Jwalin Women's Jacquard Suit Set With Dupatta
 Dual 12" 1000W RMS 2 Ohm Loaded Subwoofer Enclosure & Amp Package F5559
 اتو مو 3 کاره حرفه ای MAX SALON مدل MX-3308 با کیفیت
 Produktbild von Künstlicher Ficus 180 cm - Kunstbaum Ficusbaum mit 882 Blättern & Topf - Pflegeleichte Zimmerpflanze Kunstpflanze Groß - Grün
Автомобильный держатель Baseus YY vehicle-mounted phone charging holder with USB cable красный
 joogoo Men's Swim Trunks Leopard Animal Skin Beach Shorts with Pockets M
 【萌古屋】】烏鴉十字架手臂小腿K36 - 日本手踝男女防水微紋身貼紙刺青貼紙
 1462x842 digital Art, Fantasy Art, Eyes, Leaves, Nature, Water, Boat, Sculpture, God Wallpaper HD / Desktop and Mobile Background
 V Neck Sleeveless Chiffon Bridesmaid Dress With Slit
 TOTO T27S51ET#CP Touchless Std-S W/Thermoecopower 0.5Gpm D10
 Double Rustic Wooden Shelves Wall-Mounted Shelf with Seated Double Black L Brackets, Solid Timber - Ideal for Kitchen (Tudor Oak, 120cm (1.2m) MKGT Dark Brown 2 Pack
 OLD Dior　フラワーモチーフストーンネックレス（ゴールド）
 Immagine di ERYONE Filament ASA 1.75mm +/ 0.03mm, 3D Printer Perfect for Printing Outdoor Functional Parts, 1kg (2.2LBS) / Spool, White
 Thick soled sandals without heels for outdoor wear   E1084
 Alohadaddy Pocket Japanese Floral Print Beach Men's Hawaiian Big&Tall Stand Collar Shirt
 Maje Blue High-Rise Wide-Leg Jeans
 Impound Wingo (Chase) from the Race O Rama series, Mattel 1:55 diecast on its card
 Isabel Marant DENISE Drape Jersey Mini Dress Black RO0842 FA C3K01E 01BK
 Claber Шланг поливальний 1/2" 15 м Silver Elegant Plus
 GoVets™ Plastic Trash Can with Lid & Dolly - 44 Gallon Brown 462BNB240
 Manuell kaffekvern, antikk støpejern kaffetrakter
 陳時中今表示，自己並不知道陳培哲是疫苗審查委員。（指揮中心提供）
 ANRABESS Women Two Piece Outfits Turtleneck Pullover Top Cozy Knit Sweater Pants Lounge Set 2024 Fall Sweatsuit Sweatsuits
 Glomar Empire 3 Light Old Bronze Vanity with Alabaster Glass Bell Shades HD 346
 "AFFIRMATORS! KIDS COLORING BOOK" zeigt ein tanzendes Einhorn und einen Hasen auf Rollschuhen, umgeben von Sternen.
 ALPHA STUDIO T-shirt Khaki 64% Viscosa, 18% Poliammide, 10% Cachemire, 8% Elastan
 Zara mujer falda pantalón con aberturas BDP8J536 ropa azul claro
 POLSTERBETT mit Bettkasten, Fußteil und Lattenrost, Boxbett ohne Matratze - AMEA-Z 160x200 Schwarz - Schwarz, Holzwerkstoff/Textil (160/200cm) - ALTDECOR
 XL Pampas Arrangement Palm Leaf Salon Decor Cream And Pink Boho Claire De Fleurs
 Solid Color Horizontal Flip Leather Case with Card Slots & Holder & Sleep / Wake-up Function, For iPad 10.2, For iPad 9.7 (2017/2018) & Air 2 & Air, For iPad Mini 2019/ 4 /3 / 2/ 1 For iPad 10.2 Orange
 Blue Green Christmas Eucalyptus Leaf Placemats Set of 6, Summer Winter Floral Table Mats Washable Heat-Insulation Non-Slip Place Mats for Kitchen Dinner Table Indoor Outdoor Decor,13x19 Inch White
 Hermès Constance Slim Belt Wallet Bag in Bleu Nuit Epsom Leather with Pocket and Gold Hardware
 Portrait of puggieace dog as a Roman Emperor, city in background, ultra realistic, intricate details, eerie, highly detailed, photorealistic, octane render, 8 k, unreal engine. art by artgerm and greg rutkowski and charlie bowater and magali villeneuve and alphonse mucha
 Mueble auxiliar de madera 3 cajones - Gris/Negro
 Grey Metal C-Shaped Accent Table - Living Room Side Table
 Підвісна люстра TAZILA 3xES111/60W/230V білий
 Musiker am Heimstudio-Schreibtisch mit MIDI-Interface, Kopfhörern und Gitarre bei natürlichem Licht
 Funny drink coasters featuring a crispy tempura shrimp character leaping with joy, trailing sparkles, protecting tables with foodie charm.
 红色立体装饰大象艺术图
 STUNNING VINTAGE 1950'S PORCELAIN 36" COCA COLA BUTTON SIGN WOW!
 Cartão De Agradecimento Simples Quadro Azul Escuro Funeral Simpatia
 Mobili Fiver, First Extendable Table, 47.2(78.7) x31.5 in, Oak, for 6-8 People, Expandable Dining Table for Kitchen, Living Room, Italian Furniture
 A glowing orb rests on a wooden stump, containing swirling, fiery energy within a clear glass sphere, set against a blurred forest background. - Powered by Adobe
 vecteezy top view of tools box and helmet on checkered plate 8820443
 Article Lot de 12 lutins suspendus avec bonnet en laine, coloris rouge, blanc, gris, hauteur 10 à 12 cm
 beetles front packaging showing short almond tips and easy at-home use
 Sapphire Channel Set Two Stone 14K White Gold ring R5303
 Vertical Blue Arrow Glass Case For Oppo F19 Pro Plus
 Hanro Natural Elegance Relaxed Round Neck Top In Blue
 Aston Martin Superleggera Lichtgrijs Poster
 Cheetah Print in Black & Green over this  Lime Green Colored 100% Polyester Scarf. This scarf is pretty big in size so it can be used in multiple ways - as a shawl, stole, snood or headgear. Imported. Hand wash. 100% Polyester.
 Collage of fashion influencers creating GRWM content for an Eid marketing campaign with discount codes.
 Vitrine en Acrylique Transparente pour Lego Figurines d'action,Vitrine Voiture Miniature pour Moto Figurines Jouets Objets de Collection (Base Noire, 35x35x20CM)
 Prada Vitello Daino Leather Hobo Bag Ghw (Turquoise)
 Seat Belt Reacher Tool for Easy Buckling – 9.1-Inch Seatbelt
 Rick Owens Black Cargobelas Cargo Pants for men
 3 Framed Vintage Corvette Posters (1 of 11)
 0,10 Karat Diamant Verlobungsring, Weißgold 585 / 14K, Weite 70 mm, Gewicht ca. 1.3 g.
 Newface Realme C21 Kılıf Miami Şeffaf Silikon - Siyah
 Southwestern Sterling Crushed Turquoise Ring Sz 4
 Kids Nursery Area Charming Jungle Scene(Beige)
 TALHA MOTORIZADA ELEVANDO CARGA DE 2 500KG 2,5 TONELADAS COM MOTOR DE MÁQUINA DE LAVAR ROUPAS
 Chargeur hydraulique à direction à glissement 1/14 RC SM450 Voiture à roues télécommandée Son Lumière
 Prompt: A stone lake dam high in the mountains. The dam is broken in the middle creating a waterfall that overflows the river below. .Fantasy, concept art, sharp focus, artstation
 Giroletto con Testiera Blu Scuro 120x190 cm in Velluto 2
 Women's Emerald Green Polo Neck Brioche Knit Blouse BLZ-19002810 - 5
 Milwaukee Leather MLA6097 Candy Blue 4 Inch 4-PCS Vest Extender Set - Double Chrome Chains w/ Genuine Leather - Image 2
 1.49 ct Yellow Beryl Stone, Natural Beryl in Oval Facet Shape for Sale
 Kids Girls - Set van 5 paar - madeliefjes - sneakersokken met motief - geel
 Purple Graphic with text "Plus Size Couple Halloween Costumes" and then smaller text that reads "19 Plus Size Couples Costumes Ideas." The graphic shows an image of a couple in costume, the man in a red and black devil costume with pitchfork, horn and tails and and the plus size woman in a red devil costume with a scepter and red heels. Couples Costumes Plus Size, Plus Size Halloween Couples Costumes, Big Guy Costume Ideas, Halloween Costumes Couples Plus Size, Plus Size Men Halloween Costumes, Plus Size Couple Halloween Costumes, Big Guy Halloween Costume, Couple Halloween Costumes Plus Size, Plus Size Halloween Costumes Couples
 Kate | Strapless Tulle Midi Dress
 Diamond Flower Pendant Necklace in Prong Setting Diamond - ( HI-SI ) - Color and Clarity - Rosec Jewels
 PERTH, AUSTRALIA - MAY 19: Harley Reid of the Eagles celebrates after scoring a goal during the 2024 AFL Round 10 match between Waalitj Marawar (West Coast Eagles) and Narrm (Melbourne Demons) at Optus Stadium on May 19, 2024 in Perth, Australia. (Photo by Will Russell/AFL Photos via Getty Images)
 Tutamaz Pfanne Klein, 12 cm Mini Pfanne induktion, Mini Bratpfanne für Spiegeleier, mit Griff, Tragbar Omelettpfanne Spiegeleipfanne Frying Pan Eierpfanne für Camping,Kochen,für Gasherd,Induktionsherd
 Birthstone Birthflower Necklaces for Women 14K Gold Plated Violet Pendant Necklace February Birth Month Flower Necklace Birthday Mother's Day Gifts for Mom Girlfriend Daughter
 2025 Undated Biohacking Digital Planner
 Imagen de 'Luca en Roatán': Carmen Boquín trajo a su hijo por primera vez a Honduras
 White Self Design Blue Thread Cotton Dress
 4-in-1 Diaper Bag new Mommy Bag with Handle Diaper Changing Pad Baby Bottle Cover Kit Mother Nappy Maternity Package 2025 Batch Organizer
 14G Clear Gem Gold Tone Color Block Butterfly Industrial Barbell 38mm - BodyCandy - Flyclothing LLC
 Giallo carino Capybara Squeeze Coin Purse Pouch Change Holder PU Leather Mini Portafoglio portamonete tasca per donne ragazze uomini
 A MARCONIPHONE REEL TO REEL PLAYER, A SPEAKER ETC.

§

Required work: Everything above from the line containing "TOTO T27S51ET#CP Touchless" down to the line containing "Thick soled sandals" is to be transcribed exactly, with both of those lines included and nothing else added.

Output of the exercise:
 TOTO T27S51ET#CP Touchless Std-S W/Thermoecopower 0.5Gpm D10
 Double Rustic Wooden Shelves Wall-Mounted Shelf with Seated Double Black L Brackets, Solid Timber - Ideal for Kitchen (Tudor Oak, 120cm (1.2m) MKGT Dark Brown 2 Pack
 OLD Dior　フラワーモチーフストーンネックレス（ゴールド）
 Immagine di ERYONE Filament ASA 1.75mm +/ 0.03mm, 3D Printer Perfect for Printing Outdoor Functional Parts, 1kg (2.2LBS) / Spool, White
 Thick soled sandals without heels for outdoor wear   E1084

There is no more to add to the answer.